The previous couple of code chunks shows one iteration of applying the byte pair codes to encode a new word.  The next one puts everything together into a single function.

In [None]:
def encode(original_word: str, bpe_codes: Dict[Tuple[str, str], int]) -> List[str]:
    if len(original_word) == 1:
        return original_word

    word = list(original_word)
    word.append('</w>')

    while True:
        pairs = get_pairs(word)
        bpe_codes_pairs = [(pair, bpe_codes[pair]) for pair in pairs if pair in bpe_codes]
        if not bpe_codes_pairs:
            break

        pair_to_merge = min(bpe_codes_pairs, key=itemgetter(1))[0]
        word = create_new_word(word, pair_to_merge)

    return word

In [None]:
original_word = 'lowest'
encode(original_word, bpe_codes)

['low', 'est</w>']

In [None]:
bpe_codes

{('e', 'r'): 9,
 ('e', 's'): 0,
 ('es', 't'): 1,
 ('est', '</w>'): 2,
 ('l', 'o'): 3,
 ('lo', 'w'): 4,
 ('low', '</w>'): 8,
 ('n', 'e'): 5,
 ('ne', 'w'): 6,
 ('new', 'est</w>'): 7}

Judging from the result, we can see that even though the word lowest did not appear in our "training" data, but because "low" and and ending "est" are both byte pair codes that were learned, the word got encoded into low est.




# Sentencepiece

https://github.com/google/sentencepiece

Upon seeing an educational implementation, we will give a more efficient implementation, **Sentencepiece**, a swing.  Read https://github.com/google/sentencepiece#overview  for a high-level introduction to the package.

In [None]:
# download some sample text for demonstration
!wget https://raw.githubusercontent.com/google/sentencepiece/master/data/botchan.txt

--2020-08-10 22:21:35--  https://raw.githubusercontent.com/google/sentencepiece/master/data/botchan.txt
Resolving raw.githubusercontent.com (raw.githubusercontent.com)... 151.101.0.133, 151.101.64.133, 151.101.128.133, ...
Connecting to raw.githubusercontent.com (raw.githubusercontent.com)|151.101.0.133|:443... connected.
HTTP request sent, awaiting response... 200 OK
Length: 278779 (272K) [text/plain]
Saving to: ‘botchan.txt.6’


2020-08-10 22:21:35 (4.55 MB/s) - ‘botchan.txt.6’ saved [278779/278779]



In [None]:
!pip install sentencepiece

from sentencepiece import SentencePieceTrainer, SentencePieceProcessor



To train the subword unit, we call the SentencePieceTrainer.train method by passing in our parameters.
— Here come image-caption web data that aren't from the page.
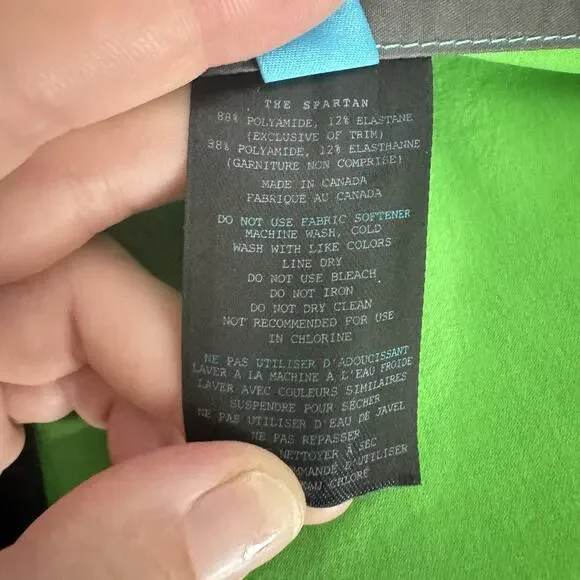 Bluesmiths Board Shorts Mens 34 Green The Spartan Standard 11” Inseam Stretch - Picture 8 of 13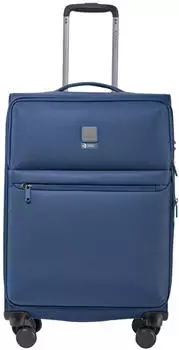 Stratic Lite 4-Rollen-Trolley 65 cm dark blue
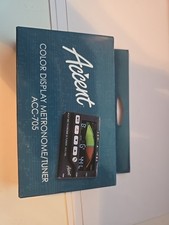 Accent Color Display Metronome/Tuner ACC-705 - NEW Open Box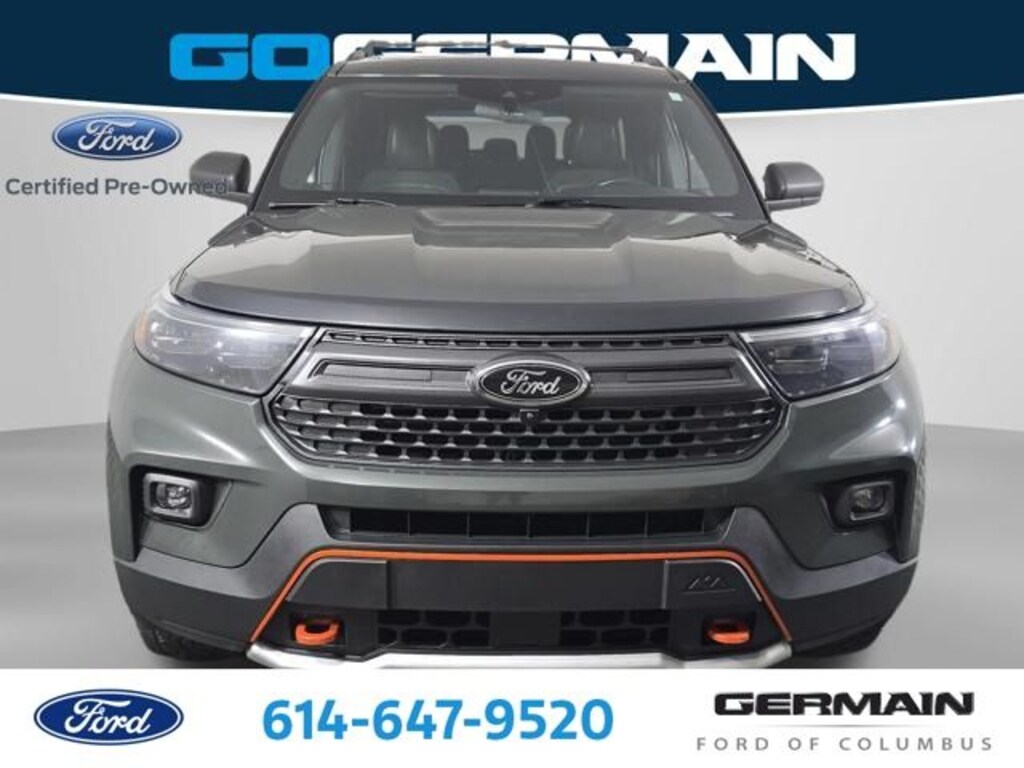 Certified 2022 Ford Explorer Timberline SUV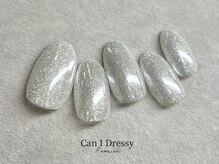 キャンアイドレッシー 川崎東口店/サテンネイル(ラメワンカラー)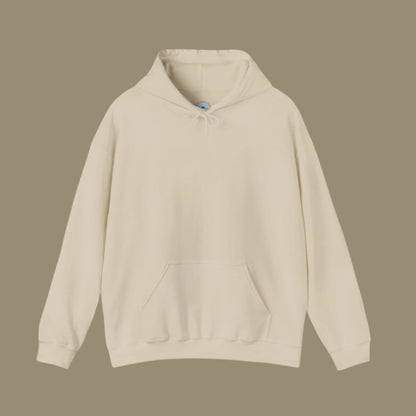 Personalized Custom Made Cozy White Unisex Hoodie | Gildan 18500 - Perfect for Casual Days and Gift Giving - ChoreGirl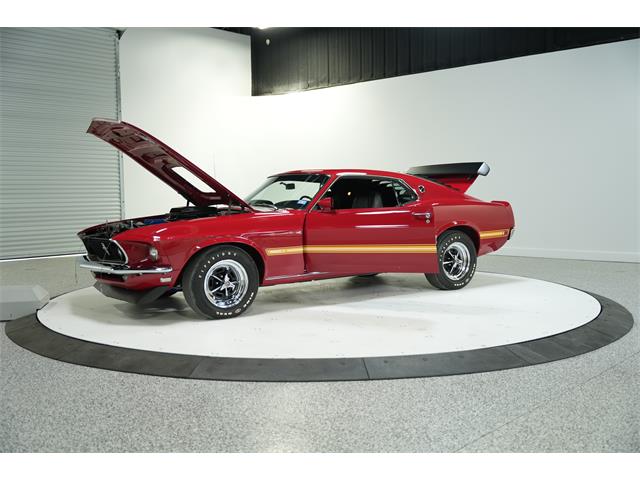 1969 Ford Mustang Mach 1 (CC-2102562) for sale in Madisonville, Texas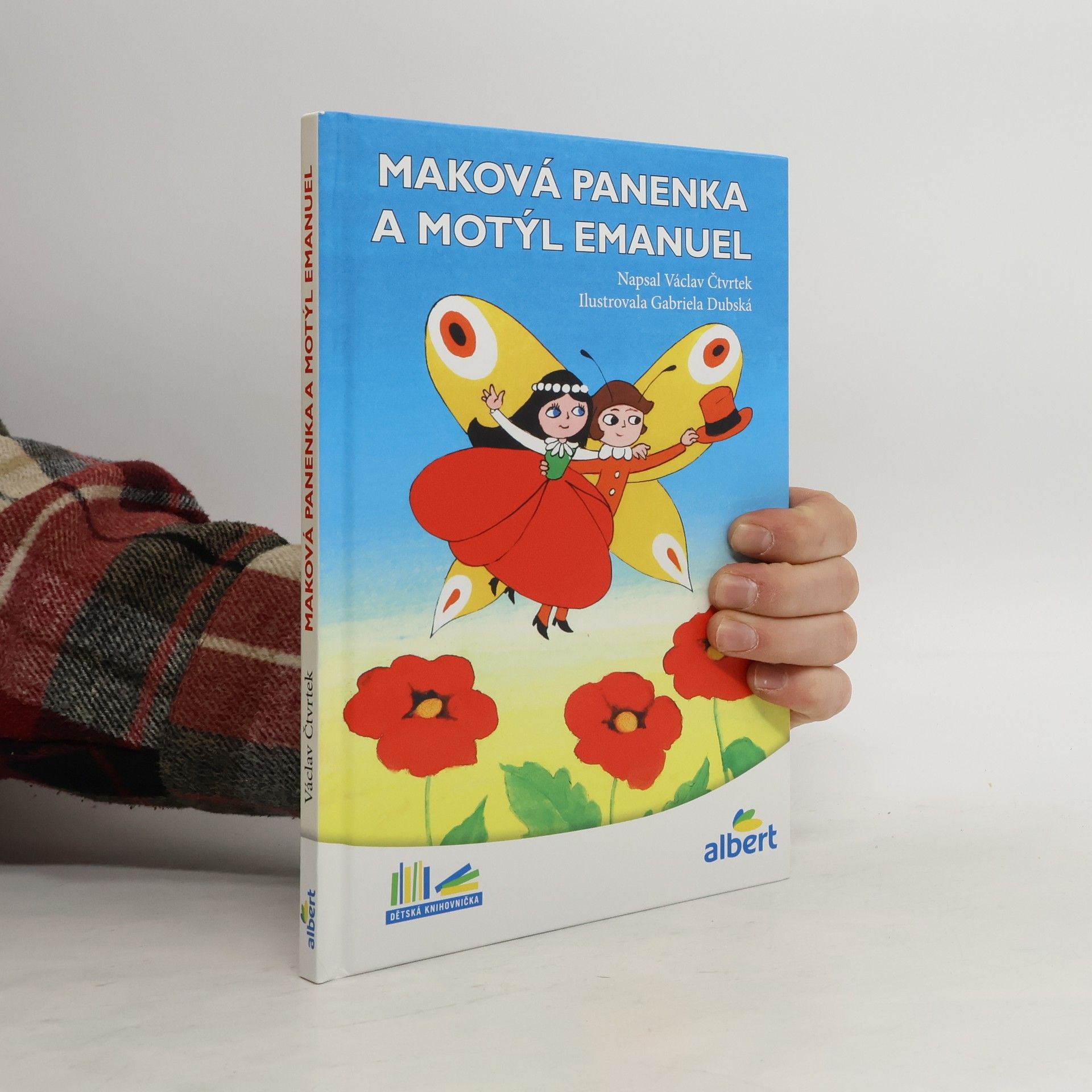 Hana Doskočilová Maková panenka a motýl Emanuel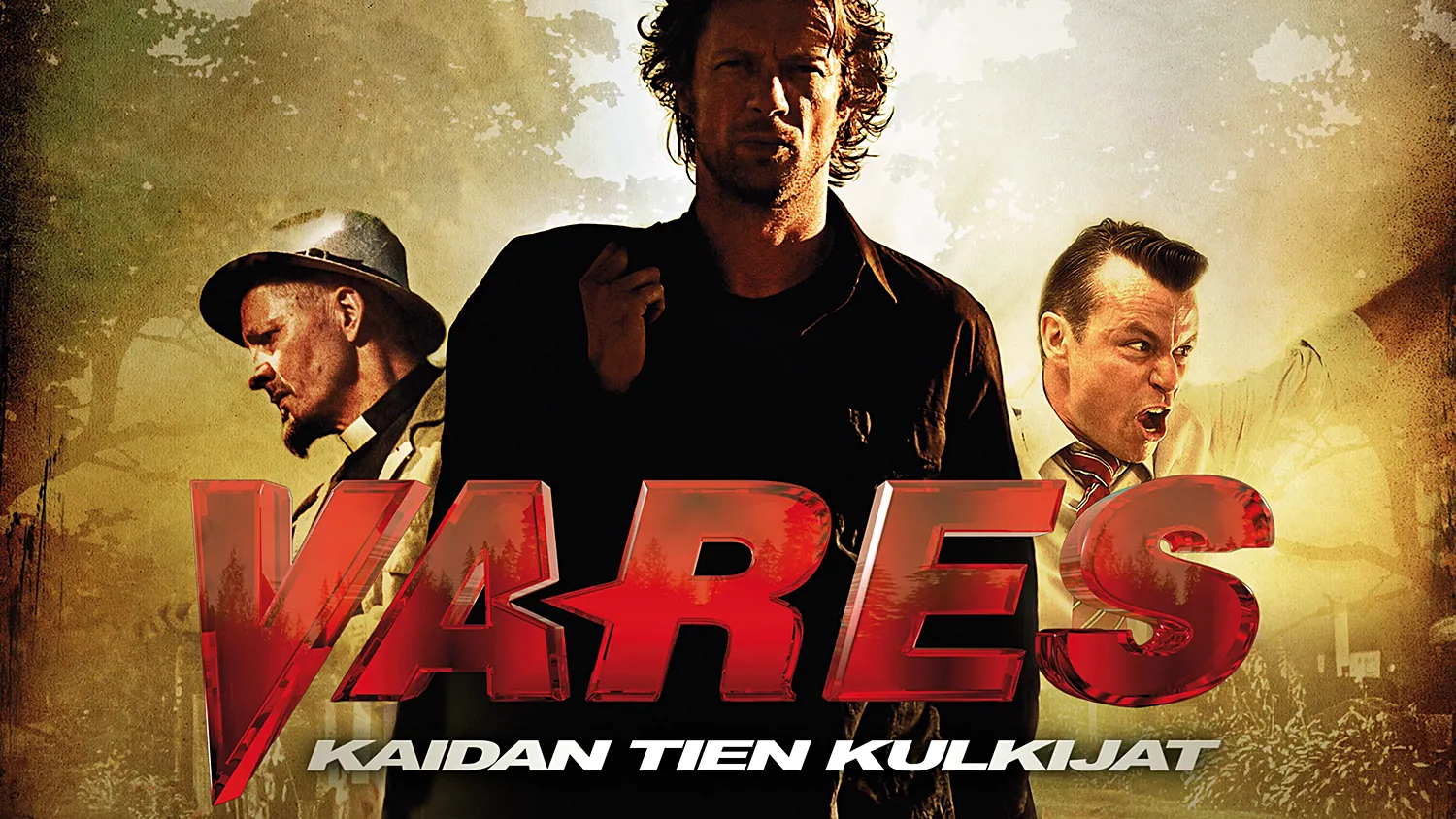 Vares "aakeilla laakeilla"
I've specified some of the commonly used parameters in the example below. As for what are the available options, I find it helpful to just search in the source code of the parameter parser.

In [None]:
from sentencepiece import SentencePieceTrainer, SentencePieceProcessor

input_file = 'botchan.txt'
max_num_words = 10000
model_type = 'bpe'
model_prefix = 'sentencepiece'
pad_id = 0
unk_id = 1
bos_id = 2
eos_id = 3

sentencepiece_params = ' '.join([
    '--input={}'.format(input_file),
    '--model_type={}'.format(model_type),
    '--model_prefix={}'.format(model_prefix),
    '--vocab_size={}'.format(max_num_words),
    '--pad_id={}'.format(pad_id),
    '--unk_id={}'.format(unk_id),
    '--bos_id={}'.format(bos_id),
    '--eos_id={}'.format(eos_id)
])
print(sentencepiece_params)
SentencePieceTrainer.train(sentencepiece_params)

--input=botchan.txt --model_type=bpe --model_prefix=sentencepiece --vocab_size=10000 --pad_id=0 --unk_id=1 --bos_id=2 --eos_id=3


Some comments regarding the parameters:

*  **input** expects a .txt file on disk. Hence, if we have a python variable, e.g. a list of sentences that we wish to learn the subword unit using sentencepiece, we would have to make an additional step to write it to a file on disk.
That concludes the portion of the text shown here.